> **What is being asked**:
Below are the records; copy out every line that holds the word "Growth".
+++ Provided information +++
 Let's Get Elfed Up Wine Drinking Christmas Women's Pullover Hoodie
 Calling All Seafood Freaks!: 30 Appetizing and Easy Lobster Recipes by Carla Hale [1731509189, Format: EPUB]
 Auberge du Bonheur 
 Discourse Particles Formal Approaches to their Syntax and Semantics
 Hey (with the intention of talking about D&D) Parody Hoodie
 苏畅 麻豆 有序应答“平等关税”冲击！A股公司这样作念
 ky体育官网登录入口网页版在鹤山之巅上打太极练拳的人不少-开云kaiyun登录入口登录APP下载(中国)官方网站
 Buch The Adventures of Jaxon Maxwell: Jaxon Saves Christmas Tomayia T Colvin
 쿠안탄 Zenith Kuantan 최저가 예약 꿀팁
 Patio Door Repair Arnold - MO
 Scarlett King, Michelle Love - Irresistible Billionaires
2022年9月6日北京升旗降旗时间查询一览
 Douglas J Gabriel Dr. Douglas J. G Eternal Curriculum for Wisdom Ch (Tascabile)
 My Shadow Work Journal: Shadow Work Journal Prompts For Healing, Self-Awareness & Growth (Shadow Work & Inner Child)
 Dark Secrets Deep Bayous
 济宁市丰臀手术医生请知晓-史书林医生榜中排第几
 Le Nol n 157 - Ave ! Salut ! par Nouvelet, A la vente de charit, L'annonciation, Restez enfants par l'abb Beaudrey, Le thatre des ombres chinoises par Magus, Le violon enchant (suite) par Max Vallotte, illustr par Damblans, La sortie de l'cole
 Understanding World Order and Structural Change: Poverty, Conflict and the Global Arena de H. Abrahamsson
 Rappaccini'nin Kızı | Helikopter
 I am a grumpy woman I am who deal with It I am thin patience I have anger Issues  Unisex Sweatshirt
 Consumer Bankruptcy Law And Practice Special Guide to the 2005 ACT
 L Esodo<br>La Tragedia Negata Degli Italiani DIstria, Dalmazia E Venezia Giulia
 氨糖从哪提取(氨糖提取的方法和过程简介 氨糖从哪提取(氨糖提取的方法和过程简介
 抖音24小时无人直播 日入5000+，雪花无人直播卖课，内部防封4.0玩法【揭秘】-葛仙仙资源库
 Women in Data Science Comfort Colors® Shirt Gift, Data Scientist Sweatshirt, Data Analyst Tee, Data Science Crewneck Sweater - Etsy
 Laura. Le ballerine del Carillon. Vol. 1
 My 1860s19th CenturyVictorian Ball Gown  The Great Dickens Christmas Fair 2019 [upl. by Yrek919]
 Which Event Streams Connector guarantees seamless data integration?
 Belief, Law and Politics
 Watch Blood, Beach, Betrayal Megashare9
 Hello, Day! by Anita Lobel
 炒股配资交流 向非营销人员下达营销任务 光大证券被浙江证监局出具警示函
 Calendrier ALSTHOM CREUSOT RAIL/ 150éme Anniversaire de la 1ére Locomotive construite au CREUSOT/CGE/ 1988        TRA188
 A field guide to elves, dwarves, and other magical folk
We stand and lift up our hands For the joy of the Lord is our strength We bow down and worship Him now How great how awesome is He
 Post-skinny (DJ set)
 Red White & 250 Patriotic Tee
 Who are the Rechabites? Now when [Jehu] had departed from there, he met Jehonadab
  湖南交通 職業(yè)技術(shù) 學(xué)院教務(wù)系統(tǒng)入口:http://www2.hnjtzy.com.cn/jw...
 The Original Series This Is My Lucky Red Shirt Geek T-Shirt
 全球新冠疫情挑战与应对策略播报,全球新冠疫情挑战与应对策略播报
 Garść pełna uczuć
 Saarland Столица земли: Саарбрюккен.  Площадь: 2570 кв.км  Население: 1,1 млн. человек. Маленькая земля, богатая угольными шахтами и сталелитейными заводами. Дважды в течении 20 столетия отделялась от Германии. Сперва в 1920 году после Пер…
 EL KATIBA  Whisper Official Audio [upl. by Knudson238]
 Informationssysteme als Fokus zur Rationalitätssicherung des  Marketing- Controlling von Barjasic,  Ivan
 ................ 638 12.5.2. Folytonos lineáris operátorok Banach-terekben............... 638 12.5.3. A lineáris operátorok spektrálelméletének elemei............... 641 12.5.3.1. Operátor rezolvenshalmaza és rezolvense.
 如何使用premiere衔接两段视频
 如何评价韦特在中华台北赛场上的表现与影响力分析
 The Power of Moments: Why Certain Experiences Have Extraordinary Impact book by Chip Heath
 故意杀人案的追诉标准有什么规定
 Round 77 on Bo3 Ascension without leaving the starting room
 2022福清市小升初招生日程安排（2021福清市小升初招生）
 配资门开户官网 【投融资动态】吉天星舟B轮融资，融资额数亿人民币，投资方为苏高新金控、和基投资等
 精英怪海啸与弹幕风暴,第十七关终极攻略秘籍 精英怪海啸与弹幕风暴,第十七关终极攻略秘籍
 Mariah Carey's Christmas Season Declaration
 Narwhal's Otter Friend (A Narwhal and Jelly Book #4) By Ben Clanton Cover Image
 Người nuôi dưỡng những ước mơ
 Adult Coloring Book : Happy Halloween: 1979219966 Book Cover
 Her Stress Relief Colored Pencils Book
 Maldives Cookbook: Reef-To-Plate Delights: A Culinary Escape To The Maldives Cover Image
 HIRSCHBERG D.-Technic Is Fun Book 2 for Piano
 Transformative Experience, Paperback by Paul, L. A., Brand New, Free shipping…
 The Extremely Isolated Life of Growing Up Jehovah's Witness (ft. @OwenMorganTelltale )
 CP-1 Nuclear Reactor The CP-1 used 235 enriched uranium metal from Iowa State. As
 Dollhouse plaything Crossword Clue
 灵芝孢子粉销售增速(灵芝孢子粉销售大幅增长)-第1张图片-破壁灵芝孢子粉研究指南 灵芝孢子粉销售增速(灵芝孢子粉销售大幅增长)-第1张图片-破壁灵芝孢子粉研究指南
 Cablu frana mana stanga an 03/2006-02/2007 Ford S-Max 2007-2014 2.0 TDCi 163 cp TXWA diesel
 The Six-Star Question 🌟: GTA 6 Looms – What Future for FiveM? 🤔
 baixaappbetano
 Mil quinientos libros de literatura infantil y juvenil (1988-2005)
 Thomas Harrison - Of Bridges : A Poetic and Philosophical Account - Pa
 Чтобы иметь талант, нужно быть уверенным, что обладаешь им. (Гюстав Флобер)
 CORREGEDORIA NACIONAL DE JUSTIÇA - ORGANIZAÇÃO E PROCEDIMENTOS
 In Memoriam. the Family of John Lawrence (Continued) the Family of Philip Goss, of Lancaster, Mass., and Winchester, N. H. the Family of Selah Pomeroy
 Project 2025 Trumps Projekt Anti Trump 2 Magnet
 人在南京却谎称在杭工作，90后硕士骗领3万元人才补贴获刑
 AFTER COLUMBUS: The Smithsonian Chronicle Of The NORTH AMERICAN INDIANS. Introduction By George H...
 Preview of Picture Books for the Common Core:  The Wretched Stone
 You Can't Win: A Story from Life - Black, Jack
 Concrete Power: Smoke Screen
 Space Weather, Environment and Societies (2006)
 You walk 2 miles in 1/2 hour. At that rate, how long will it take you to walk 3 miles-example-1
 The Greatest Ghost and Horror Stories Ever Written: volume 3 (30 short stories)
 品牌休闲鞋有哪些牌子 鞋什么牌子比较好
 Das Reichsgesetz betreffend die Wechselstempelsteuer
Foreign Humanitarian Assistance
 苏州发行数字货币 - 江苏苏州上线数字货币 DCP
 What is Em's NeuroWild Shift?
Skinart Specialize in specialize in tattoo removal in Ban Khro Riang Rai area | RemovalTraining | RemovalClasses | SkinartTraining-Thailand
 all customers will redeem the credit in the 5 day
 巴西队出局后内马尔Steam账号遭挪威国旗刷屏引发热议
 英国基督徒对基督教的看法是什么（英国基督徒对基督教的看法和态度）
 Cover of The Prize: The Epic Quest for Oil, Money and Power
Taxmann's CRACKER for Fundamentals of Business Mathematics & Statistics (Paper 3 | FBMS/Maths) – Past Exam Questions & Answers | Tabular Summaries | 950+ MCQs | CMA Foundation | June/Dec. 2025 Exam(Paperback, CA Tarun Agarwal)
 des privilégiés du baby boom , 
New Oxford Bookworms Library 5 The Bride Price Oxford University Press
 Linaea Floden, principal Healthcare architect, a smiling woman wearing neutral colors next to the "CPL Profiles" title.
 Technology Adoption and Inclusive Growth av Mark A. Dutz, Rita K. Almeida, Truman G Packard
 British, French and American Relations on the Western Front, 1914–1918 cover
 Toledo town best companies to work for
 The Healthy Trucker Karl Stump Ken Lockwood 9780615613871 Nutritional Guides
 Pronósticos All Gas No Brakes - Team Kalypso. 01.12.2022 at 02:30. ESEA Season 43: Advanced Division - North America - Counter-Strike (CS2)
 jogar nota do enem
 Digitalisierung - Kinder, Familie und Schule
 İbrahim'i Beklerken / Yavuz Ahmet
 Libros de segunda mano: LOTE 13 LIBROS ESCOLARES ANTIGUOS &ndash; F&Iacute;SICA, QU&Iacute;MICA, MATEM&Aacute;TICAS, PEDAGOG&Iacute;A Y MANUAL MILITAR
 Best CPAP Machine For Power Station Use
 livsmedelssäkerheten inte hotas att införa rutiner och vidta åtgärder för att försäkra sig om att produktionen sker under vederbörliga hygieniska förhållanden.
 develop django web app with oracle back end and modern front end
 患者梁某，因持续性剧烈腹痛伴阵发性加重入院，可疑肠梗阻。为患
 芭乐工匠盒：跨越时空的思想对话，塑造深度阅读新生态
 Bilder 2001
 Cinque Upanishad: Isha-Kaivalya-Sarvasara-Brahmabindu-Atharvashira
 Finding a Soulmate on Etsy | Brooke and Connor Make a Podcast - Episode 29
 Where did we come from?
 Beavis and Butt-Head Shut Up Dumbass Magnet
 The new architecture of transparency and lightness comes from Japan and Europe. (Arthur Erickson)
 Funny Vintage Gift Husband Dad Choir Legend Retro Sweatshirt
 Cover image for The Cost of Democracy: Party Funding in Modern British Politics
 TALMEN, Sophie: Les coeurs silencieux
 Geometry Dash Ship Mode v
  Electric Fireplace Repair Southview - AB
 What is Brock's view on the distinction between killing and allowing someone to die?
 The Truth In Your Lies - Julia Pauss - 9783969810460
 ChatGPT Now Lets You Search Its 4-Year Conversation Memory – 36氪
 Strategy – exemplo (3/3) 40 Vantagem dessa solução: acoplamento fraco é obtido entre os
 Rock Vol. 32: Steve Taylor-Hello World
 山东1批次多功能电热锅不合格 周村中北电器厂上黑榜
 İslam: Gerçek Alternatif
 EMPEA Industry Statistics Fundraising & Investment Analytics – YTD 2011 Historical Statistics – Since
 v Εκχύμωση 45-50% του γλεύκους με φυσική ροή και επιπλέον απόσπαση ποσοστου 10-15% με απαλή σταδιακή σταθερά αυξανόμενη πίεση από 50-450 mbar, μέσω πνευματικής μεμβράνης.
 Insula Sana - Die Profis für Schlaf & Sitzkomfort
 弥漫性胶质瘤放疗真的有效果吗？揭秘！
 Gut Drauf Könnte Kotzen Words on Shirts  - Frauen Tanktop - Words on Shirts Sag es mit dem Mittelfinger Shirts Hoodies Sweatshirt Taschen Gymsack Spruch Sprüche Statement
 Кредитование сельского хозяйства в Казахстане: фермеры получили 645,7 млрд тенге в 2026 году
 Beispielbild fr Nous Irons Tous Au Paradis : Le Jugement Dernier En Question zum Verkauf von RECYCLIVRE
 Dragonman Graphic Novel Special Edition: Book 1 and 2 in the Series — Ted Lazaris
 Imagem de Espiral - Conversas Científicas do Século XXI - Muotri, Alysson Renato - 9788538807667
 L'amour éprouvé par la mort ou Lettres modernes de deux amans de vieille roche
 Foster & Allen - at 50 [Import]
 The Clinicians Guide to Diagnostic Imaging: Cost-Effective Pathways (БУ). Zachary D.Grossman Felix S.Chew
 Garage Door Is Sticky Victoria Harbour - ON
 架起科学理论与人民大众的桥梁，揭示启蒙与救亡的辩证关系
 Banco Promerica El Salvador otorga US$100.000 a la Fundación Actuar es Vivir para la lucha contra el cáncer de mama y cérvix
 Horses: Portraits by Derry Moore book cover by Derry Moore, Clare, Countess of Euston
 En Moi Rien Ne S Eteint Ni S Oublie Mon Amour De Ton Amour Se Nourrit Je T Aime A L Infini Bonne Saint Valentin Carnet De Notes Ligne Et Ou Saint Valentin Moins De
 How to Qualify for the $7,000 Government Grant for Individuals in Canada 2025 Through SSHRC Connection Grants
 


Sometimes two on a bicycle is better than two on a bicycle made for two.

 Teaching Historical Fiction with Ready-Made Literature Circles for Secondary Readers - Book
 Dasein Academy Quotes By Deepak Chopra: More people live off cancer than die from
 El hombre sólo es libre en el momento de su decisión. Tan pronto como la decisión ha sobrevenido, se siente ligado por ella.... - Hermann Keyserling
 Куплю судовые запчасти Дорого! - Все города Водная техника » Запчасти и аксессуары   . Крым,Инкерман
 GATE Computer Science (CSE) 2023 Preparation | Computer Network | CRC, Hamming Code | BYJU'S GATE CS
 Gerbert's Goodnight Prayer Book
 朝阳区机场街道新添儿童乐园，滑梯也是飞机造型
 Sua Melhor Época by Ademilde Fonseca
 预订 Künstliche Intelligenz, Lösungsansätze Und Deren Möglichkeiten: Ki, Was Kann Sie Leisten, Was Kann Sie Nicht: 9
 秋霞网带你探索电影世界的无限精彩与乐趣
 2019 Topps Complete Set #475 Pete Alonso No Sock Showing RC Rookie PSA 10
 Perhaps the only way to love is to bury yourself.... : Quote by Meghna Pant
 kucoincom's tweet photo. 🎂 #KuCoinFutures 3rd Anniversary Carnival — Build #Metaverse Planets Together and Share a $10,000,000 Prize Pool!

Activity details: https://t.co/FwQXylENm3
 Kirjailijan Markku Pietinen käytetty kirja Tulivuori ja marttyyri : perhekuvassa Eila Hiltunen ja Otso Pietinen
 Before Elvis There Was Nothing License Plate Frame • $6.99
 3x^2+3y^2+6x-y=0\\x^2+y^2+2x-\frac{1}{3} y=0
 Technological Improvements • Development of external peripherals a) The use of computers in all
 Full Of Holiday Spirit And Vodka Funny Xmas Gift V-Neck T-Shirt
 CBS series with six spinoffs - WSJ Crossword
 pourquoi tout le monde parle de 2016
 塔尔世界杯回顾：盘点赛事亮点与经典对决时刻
+++
> **Task response**:
 My Shadow Work Journal: Shadow Work Journal Prompts For Healing, Self-Awareness & Growth (Shadow Work & Inner Child)
 Technology Adoption and Inclusive Growth av Mark A. Dutz, Rita K. Almeida, Truman G Packard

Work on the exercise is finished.